The New York Daily News and ProPublica have won the Pulitzer Prize for public service journalism for coverage of police abuses that forced mostly poor minorities from their homes.
Meanwhile, the Charleston Gazette-Mail won the prize for investigative reporting on the spread of painkillers in West Virginia.
David Fahrenthold of The Washington Post took the national reporting prize for reporting on the Donald Trump campaign for president, noting that he "created a model for transparent journalism in political campaign coverage while casting doubt on Donald Trump's assertions of generosity toward charities".
The Pulitzers are the most prestigious honours in American journalism and have been awarded since 1917.
The Daily News, a New York City tabloid, and ProPublica, a web-based platform specialising in investigative journalism, uncovered police abuse of eviction rules that ousted hundreds of mostly poor minorities from their homes, Pulitzer Prize Administrator Mike Pride said.
The New York Times staff won the international reporting prize for articles on Russian President Vladimir Putin's efforts to project Russia's power abroad.
The 19-member Pulitzer board is made up of past winners and other distinguished journalists and academics.

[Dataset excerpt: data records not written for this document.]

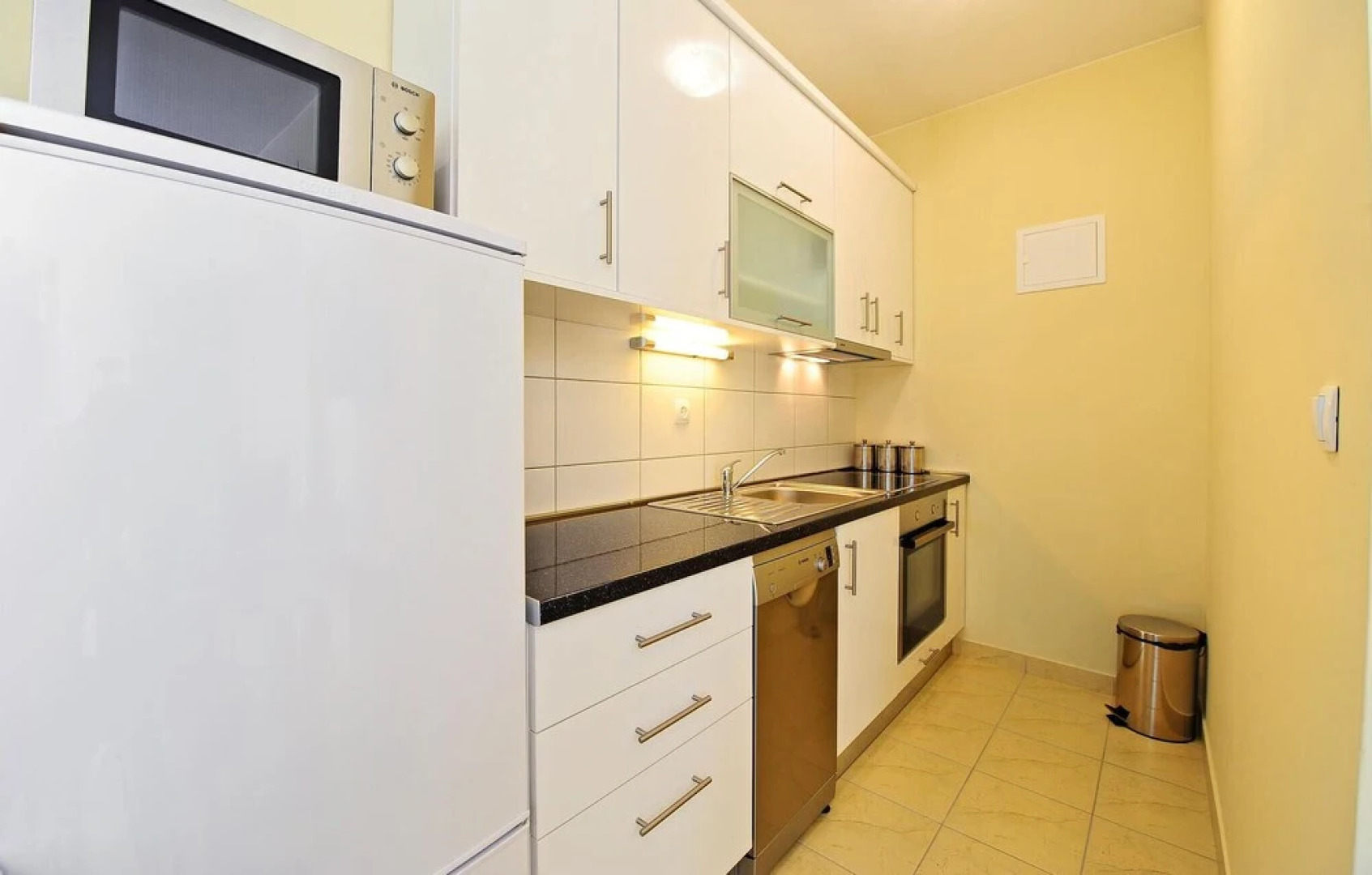 Beautiful Apartment in Podstrana With Sauna, Wifi and 2 Bedrooms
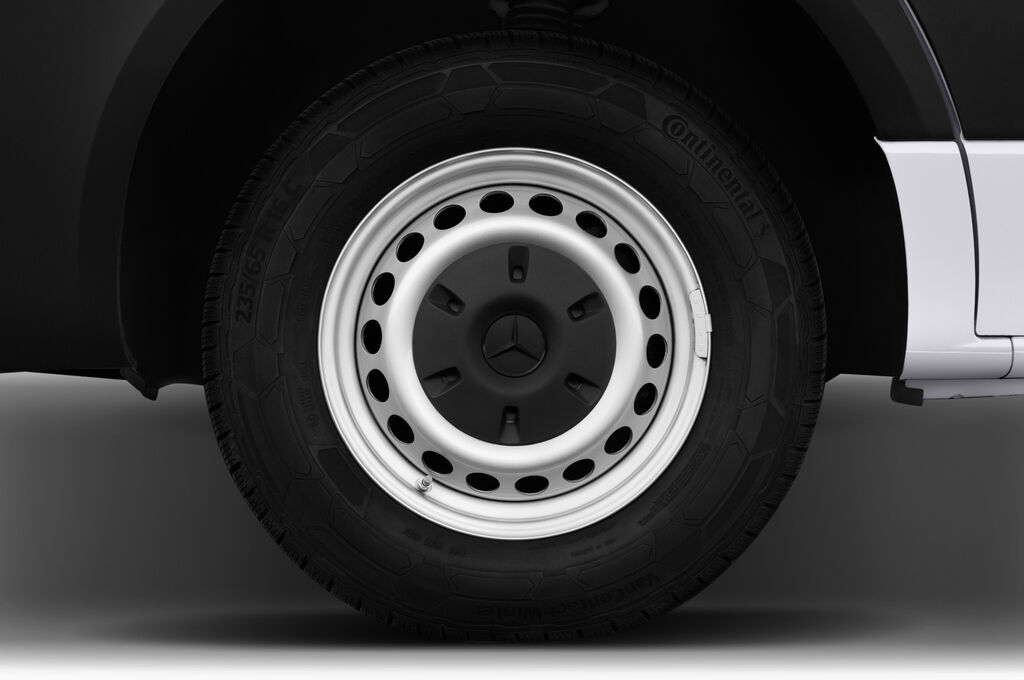Mercedes Sprinter DC (Baujahr 2019) - 4 Türen Reifen und Felge
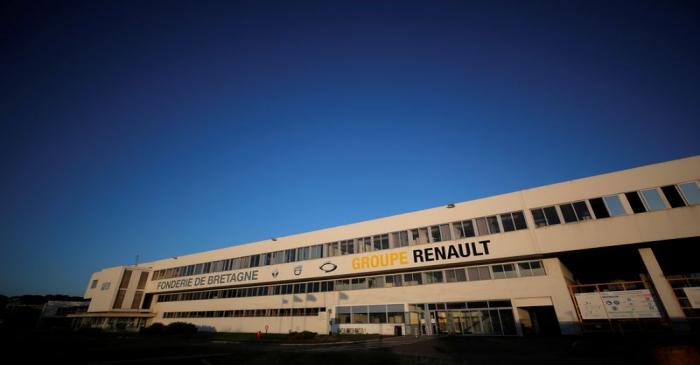 Renault workers fight to save their plant in Caudan despite worldwide layoffs announced by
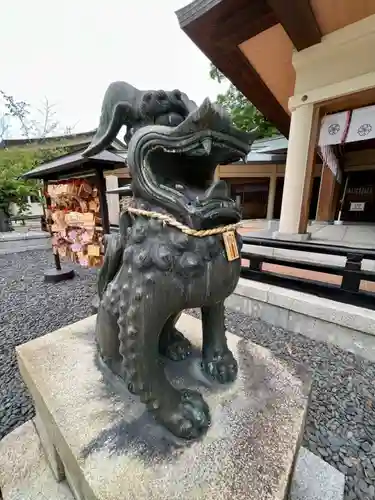 三重縣護國神社の狛犬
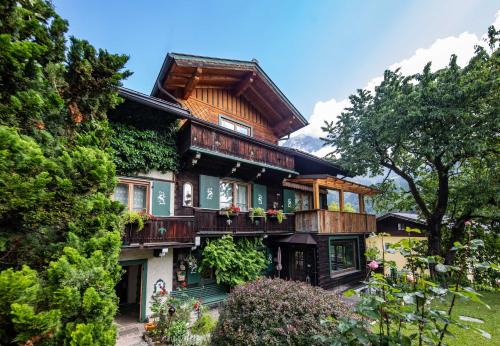Werfen Apartment | Alpenrelax Haus Weidmannsheil wohnen im romantischen Forsthaus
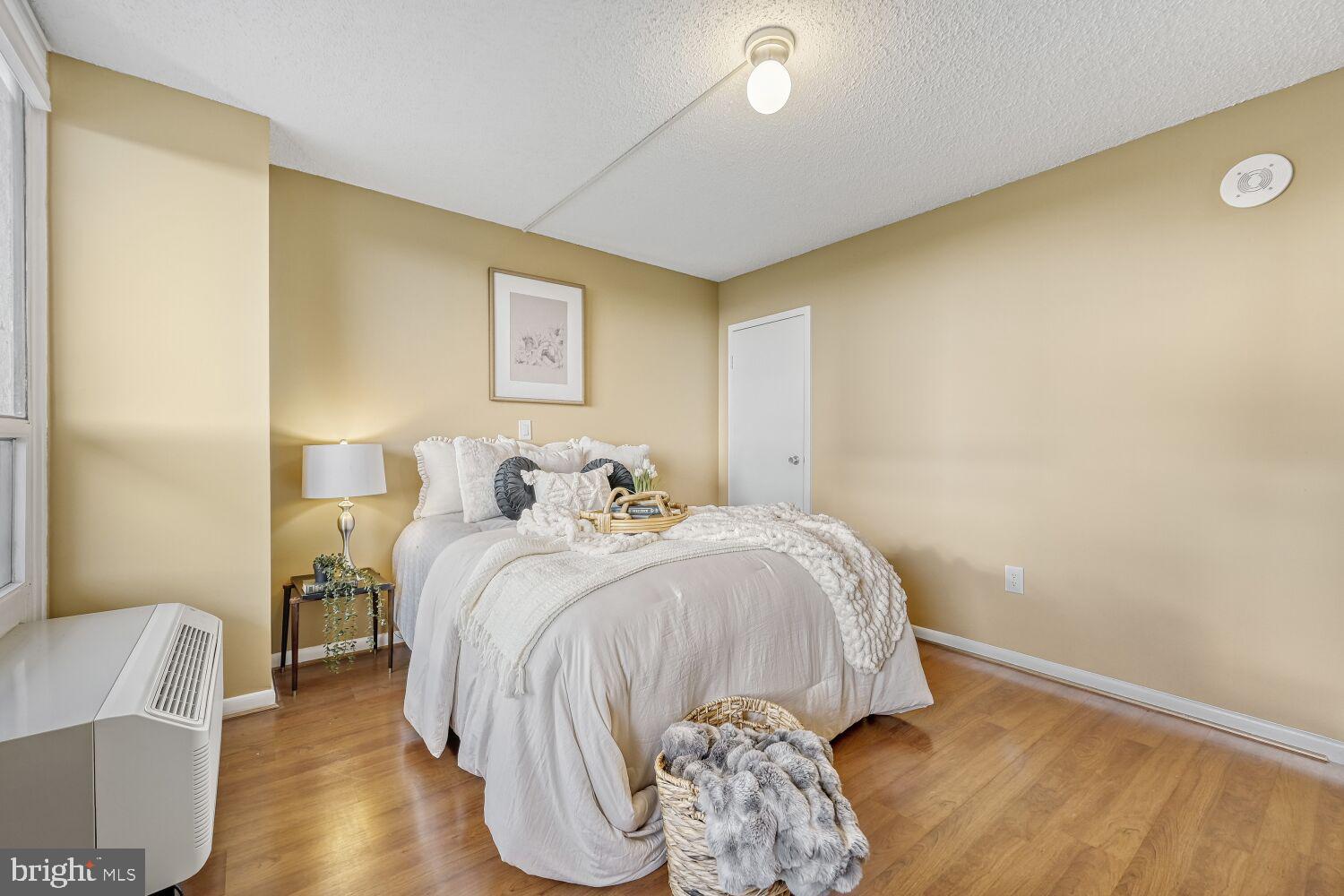 RIDGELY TOWSON CENTER - Residential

It chose the winners with the help of 102 jurors.
More than 2500 entries were submitted this year, competing for 21 prizes in categories ranging from public service and breaking news to commentary, cartooning and photography.
Seven awards recognise fiction, drama, history, biographies, poetry, general nonfiction and music.
The Pulitzers began in 1917 after a bequest from newspaper publisher Joseph Pulitzer. His will established Columbia University in New York as administrator of the prizes and also bestowed an endowment on the university to establish its School of Journalism.